2012.10 Newsletter


Library Newsletter/Special Edition, October 2012

American Archives Month

Library Outreach Sessions

Date Times Location Topics
Friday,
Oct 12
10AM-4PM,
every hour on hour
Racker Reading Room Inter-library loan / document delivery services
Friday,
Oct 19
10AM-4PM,
every hour on hour
Hillside Laboratories Open access and the NIH public access policy
Monday,
Oct 22
4PM-5:30PM Szybalski Room,
Main Library
Webcast of 90-min panel discussion with Open Access experts from a variety of stakeholders groups - including students, researchers and policy makers - as well as representatives from teh World Band and SPARC.
Friday,
Oct 26
10AM-4PM,
every hour on hour
Szybalski Room,
Main Library
EndNote, Papers, Medeley

The Biological Laboratory, 1890-1924

At the end of the 19th century, the Brooklyn Institute of Arts and Sciences (BIAS) founded a laboratory for training teachers in marine biology. As biologists and naturalists of that time worked out the consequences of Darwin’s theory of evolution, they often established their laboratories at the seashore, where there was an abundance of animals and plants for study. In 1889, John D. Jones gave land and buildings (formerly part of the Cold Spring Whaling Company) on the southwestern shore of Cold Spring Harbor to the BIAS, who used the Jones gift to establish its presence in Cold Spring Harbor as the Biological Laboratory (Bio Lab) engaged in science research and teacher training. In 1924 the Bio Lab was taken over by a group of interested and wealthy neighbors and was incorporated as the Long Island Biological Association (LIBA). Pictured above is First Bio Lab Biology Class, 1890.

   

  

Jones Laboratory, 1893, First Bio Lab laboratory 

 

    

 

 

Jones Laboratory interior view, 1893        

                                                                                      

CIW Station for Experimental Evolution 1904-1921

In 1903 the Carnegie Institution of Washington (CIW) approved a plan, put forward by Charles Davenport, to establish a biological experiment station to study evolution at Cold Spring Harbor.
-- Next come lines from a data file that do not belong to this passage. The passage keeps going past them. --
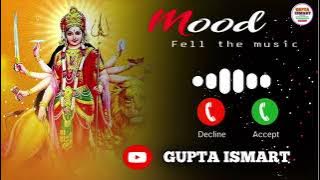 #bhakti छूम छूम छनना बाजे||Chhum Chhum chhanana #ringtone #status #shorts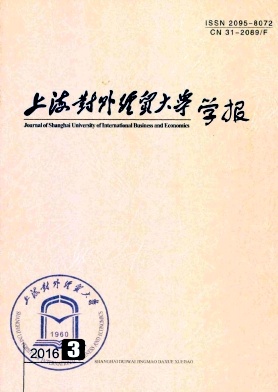 上海对外经贸大学学报
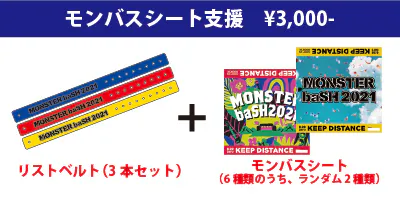 Monster Bash 2021 支援プロジェクト Campfire キャンプファイヤー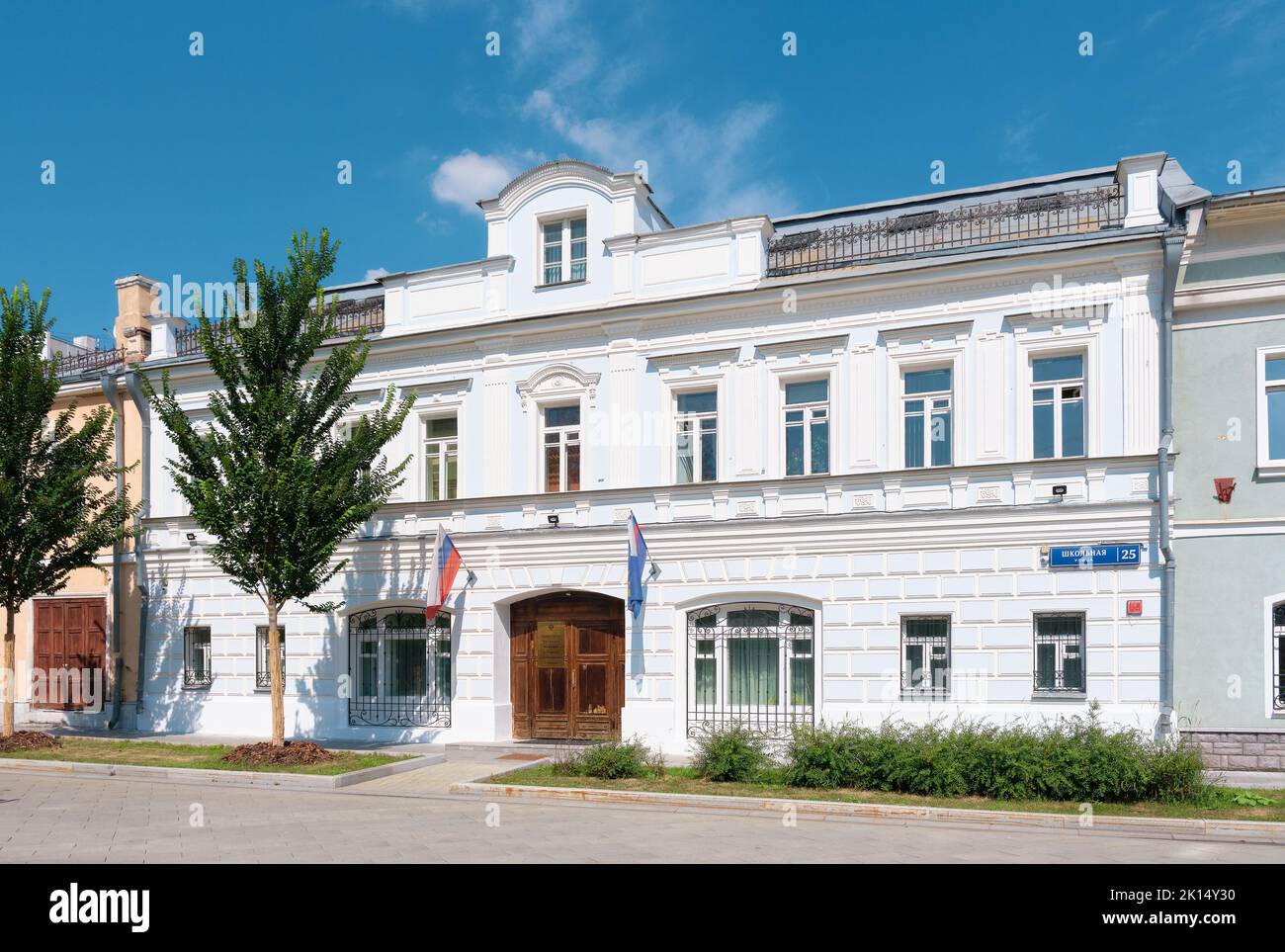 Ministry of the Russian Federation for the Development of the Far East and the Arctic in an old mansion built in 1870, landmark: Moscow, Russia - Augu Stock Photo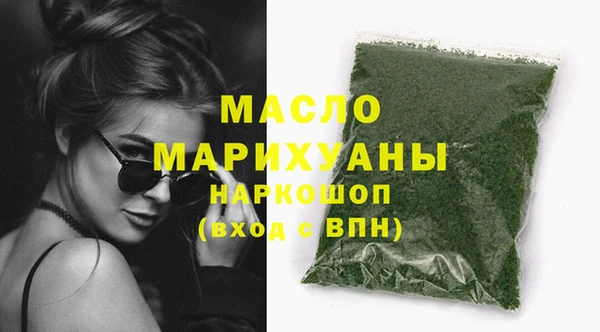 тгк Бугульма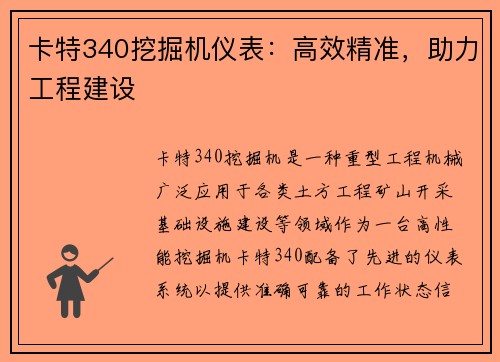 卡特340挖掘机仪表：高效精准，助力工程建设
While he was already directing the neighboring Bio lab, he was named the first director (1904-1934) of the CIW’s Department of Genetics. It was originally named the Station for Experimental Evolution (SEE), and had formally opened on June 11, 1904, in Cold Spring Harbor, to study heredity and evolution through breeding experiments with plants and animals. In 1910, while Davenport was directing both operations, Mrs. E. H. Harriman established the Eugenics Record Office (ERO) at Cold Spring Harbor for him to head, as well. The ERO eventually became part of the Department of Genetics. (The CSHL Archives contains collections for BIAS Bio Lab, LIBA Bio Lab, and ERO.) Pictured below is the “Opening Day” of the Main Building of the CIW Station for Experimental Evolution, since renamed the Carnegie Building and home to the CSHL Library & Archives.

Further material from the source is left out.